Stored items
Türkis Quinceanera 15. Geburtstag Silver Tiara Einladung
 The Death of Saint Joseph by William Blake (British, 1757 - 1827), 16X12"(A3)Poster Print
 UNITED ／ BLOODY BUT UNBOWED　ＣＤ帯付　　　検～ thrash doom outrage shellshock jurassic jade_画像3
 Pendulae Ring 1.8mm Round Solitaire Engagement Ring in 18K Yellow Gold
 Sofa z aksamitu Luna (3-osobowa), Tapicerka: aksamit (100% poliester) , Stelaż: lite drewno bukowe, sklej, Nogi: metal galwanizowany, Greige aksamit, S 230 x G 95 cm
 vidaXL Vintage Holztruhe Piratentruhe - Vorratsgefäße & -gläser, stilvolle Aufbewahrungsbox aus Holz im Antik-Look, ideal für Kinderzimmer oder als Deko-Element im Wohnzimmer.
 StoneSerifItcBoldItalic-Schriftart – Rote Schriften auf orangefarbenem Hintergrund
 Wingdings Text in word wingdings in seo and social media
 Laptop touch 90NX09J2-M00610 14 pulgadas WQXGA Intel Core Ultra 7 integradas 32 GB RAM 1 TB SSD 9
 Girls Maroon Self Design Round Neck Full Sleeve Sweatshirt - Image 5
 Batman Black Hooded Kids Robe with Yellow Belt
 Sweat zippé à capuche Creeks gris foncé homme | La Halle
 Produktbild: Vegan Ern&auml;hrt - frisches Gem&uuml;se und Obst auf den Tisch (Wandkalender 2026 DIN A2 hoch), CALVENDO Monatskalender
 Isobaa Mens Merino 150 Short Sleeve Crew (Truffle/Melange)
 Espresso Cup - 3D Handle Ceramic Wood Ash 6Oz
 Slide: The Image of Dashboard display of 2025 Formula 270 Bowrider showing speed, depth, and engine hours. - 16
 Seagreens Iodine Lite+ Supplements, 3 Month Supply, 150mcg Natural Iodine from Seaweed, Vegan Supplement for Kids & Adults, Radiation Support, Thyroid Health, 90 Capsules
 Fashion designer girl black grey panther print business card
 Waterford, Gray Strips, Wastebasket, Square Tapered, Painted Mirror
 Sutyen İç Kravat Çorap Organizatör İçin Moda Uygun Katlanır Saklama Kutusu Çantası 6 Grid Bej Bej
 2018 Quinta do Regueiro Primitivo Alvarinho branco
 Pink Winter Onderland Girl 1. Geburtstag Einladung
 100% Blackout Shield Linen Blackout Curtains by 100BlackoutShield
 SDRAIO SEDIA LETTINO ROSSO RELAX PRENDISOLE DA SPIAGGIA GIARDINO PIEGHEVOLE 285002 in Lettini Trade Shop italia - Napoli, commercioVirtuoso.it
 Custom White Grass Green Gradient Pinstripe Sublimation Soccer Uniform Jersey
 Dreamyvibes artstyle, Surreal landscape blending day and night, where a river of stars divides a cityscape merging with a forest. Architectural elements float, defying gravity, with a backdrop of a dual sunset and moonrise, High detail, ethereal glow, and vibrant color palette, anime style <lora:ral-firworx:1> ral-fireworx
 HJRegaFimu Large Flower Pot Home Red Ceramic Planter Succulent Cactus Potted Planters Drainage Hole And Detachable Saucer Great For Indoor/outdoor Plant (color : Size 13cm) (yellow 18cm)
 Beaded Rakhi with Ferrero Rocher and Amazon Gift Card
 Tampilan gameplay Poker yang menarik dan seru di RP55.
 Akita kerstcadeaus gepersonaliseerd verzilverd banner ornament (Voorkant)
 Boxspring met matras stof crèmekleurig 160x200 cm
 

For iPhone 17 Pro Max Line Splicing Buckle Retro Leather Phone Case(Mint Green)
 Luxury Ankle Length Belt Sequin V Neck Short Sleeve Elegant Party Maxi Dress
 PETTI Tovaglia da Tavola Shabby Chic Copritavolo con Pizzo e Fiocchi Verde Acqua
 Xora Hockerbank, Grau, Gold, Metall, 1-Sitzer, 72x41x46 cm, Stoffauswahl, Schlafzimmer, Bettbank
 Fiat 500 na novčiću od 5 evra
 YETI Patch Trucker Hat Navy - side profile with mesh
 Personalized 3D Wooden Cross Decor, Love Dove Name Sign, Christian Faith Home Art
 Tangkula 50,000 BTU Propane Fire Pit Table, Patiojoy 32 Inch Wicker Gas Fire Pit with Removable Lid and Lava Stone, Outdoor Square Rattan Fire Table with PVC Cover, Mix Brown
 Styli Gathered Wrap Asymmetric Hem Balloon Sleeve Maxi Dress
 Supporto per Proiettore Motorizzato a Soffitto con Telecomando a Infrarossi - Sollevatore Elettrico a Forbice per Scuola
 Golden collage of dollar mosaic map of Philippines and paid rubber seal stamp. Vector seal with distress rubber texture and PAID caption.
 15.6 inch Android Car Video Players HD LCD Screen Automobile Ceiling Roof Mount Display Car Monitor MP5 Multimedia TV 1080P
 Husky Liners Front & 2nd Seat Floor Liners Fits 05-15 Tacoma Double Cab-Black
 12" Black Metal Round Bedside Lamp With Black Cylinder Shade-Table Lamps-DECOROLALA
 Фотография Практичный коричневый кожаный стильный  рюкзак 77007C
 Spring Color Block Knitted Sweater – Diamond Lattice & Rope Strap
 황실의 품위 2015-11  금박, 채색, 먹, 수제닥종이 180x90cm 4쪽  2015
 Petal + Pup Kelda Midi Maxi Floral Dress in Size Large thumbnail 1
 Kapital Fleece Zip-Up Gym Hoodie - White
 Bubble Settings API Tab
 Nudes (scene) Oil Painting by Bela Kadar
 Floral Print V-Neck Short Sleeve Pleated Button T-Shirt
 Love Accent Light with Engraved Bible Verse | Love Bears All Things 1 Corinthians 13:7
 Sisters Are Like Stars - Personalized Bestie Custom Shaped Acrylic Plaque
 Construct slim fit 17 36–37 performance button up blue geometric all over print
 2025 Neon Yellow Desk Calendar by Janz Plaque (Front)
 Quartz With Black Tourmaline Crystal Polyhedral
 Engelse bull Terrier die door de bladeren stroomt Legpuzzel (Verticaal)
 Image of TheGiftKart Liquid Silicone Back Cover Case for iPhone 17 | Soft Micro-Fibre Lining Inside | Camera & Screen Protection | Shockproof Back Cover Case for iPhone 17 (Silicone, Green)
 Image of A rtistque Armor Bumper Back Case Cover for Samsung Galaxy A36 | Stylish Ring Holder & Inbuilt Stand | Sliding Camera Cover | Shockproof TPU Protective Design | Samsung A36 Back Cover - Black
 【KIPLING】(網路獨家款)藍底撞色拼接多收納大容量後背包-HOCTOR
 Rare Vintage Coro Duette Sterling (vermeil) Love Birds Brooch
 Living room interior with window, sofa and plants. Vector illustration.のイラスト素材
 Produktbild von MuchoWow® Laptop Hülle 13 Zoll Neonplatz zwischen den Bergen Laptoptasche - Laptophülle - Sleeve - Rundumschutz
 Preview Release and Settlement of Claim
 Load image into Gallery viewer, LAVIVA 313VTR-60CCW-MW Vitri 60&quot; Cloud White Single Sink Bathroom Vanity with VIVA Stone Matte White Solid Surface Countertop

▸ TASK
Each line holding "Personalized" in the records should be copied out.

▸ ANSWER FOR THIS EXERCISE
 Personalized 3D Wooden Cross Decor, Love Dove Name Sign, Christian Faith Home Art
 Sisters Are Like Stars - Personalized Bestie Custom Shaped Acrylic Plaque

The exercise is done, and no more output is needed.